Tom Zé - Parabelo & Danç-Êh-Sá: das influências nordestinas ao tropicalismo, da poesia concreta ao dadaísmo, do cânone da canção para o genial conceito de pós-canção
Tom Zé, já abordado algumas vezes aqui no blog, é considerado pela crítica o "último tropicalista", o artista fundador do Tropicalismo que mais manteve suas idiossincrasias conectadas com a experimentação antropofágica e a desconstrução estilística na intenção de uma nova construção estética, o artista que mais continuou a explorar e inovar dentro dos princípios do tropicalismo, mesmo após o fim do movimento no início dos anos de 1970. Para quem se interessar, uma boa ideia é adquirir o livro biográfico "O Último Tropicalista", escrito por Pietro Scaramuzzo, onde reforça-se essa posição solitária de Tom Zé como o último guardião dos valores estéticos do tropicalismo. E para além de uma mistura de crítica social, experimentalismo musical e valorização das raízes culturais brasileiras, Tom Zé passou a desenvolver uma crítica às próprias estéticas da forma-canção e dos seus estilos padronizados, que é seu inovador conceito de "pós-canção": ou seja, para ele —— assim como já aconteceu nas artes plásticas, na música erudita e nas evoluções do jazz, por exemplo... ——, a canção não é uma forma estática que deve permanecer canonizada sob as mesmas vitrines e moldes do arcadismo poético e da beleza, mas é uma forma de arte que pode ser inflexionada, deformada e manipulada tanto quanto qualquer outra forma de arte moderna. E esse conceito é particularmente interessante em Tom Zé porque trata-se de um artista que traz, ao mesmo tempo, tanto os traços rústicos e primitivos do sujeito do sertão nordestino quanto a genialidade revolucionária do cidadão urbano que se interessou pelo avant-garde e pela arte dadaísta, juntando-se, neste sincretismo contrastante, a forte influência do movimento da poesia concreta. E no caso estritamente específico de Tom Zé, já temos um artista que, ao invés de se flexibilizar com os apelos que a pop music traria nas décadas de 80 e 90, ele manterá insistentemente seus conceitos e posições revolucionárias.

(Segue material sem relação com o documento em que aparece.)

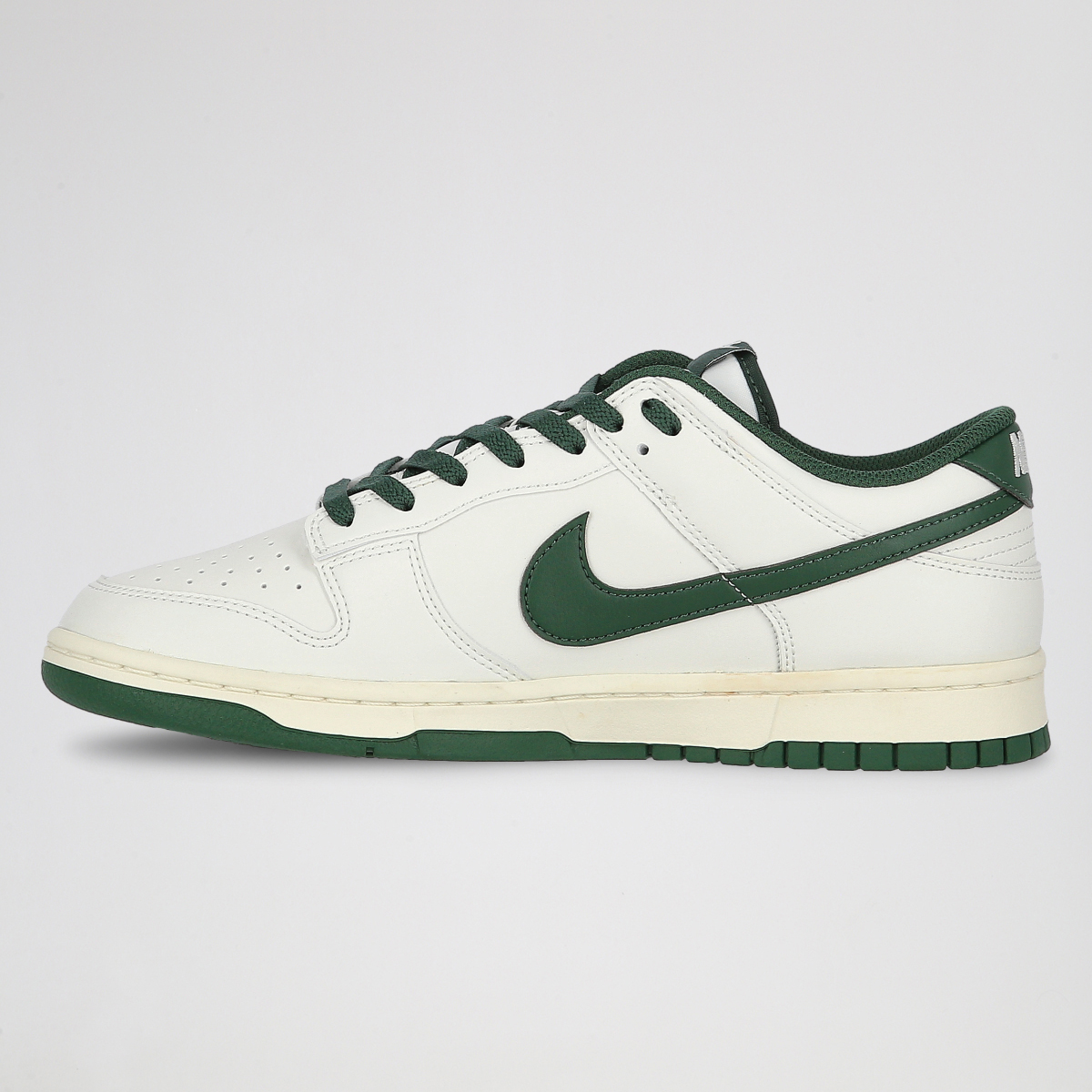 Zapatillas Nike Dunk Low Retro Hombre sint&eacute;tico,  image number null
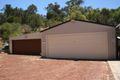 Property photo of 72 Sixty Eight Road Baldivis WA 6171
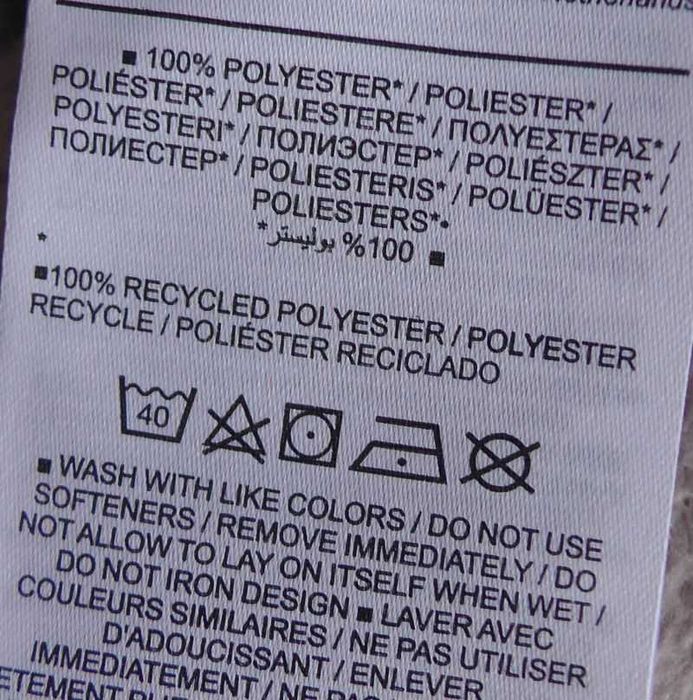 T-Shirt Koszulka Damska NIKE DRI-FIT biała S M XL sportowa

Não foi à toa que Tom Zé, em face aos seus arranjos experimentais dos anos de 1970, ficou praticamente inativo na década de 1980, só retomando a carreira artística após ser redescoberto por David Byrne e ser chamado para gravar um novo discos nos EUA —— aqui mesmo no blog já imergimos nessa história emblemática de Tom Zé. No Brasil, um dos projetos que marca um novo reconhecimento de Tom Zé nos meios artísticos mais intelectuais é justamente este projeto musical indicado acima, Parabelo, que ele desenvolveu com José Miguel Wisnik para um balé brasilianista do coreógrafo Rodrigo Pederneiras do Grupo Corpo. A trilha sonora desse balé foi lançada em 1997 e também conta com ideias de Arnaldo Antunes, Paulo Tatit e Alê Siqueira nos arranjos e produções. Parabelo é um álbum que chama atenção para o instrumental nordestino rústico, regional, caipira e sertanista, ao qual Tom Zé sempre foi ligado em suas inflexões dadaístas e sarcásticas em torno da canção. Outro álbum instrumental produzido por Tom Zé é o fantástico álbum independente Danç-Êh-Sá (2006), que já traz seu citado conceito de pós-canção através das suas "sete caymianas para o fim da canção": neste álbum, já temos uma verve tropicalista mais contemporânea com a exploração de sons eletrônicos, com o uso da voz como veículo das expressões onomatopeicas que tanto lembram suas associações com a poesia concreta, e com uma instrumentação rica formada por músicos como Lauro Léllis (bateria), Jarbas Mariz (cavaco, violão de 12 cordas, voz), Cristina Carneiro (teclados, voz), Sérgio Caetano (guitarra, voz), Daniel Maia (baixo, voz), Luanda (voz) e Paulo Lepetit (eletrônicos, produção e mixagem). Embora tenha um estilo experimental mais dadaísta e, portanto, não adote arranjos com os mesmos padrões de beleza e de polimentos vistos em outras estéticas da música instrumental brasileira, essas peças instrumentais de Tom Zé só reafirmam sua grande expertise musical.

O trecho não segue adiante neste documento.